Kohlhaas, pessoa de indiscutível retidão e obediência às leis, desconfia de uma invencionice, mas deixa dois animais como garantia. Dias depois, ao retornar a fim de retirar seus cavalos, vê que estes estão magros e maltratados. Indignado, decide que só os aceitará de volta quando estiverem nas condições em que os deixou. A partir da negativa de von Tronka em alimentar os animais, Kohlhaas passa a perseguir obsessivamente um único objetivo: fazer com que seus animais sejam devolvidos no estado em que foram deixados. A grandiosidade do texto e de suas implicações religiosas, de direito e de poder, além da discussão filosófica e metafísica, é impossível de abarcar uma simples resenha. (Não esqueçam do link acima).

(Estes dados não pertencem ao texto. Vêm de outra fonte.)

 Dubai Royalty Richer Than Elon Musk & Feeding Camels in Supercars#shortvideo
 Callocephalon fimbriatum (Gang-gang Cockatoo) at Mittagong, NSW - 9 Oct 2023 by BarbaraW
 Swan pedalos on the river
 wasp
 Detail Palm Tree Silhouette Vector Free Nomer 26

A solidão de Kohlhaas e sua necessidade interna de justiça são avassaladoras. Mesmo utilizando fundamentos jurídicos simples, justos e perfeitamente claros, Kohlhaas vê-se cada vez mais impossibilitado de chegar à lei em razão das negativas e das amizades de von Tronka, das oscilações do direito e das relações do poder. Então, procura fazer justiça por si mesmo. Arma uma espécie de grupo guerrilheiro versão século XVI; invade cidades em busca de von Tronka e da justiça; desafia governos; chega ao ponto de entrar nos aposentos de Martinho Lutero a fim de discutir o caso. O diálogo de ambos é brilhante. Kohlhaas afirma que desistirá do caso se Martinho Lutero assim o desejar. Lutero chama-o de louco mas desiste de pedir a Kohlhaas que pare após ouvir seus argumentos. Para Kohlhaas é fundamental  viver numa terra onde seus direitos estejam assegurados.

Não pensem que a novela restringe-se ao social. Ela é sociológica e ontológica. A psicologia e as justificativas de Kohlhaas para punir com as armas quem se interponha entre ele e a lei são esmiuçadas por Kleist. Em certos momentos, desejamos auxiliar o criminoso a encontrar o desonesto von Tronka e minuciosamente matá-lo… A vingança é desproporcional? Kohlhaas poderia muito bem alimentar seus cavalos e esquecer o pleito? Pois é.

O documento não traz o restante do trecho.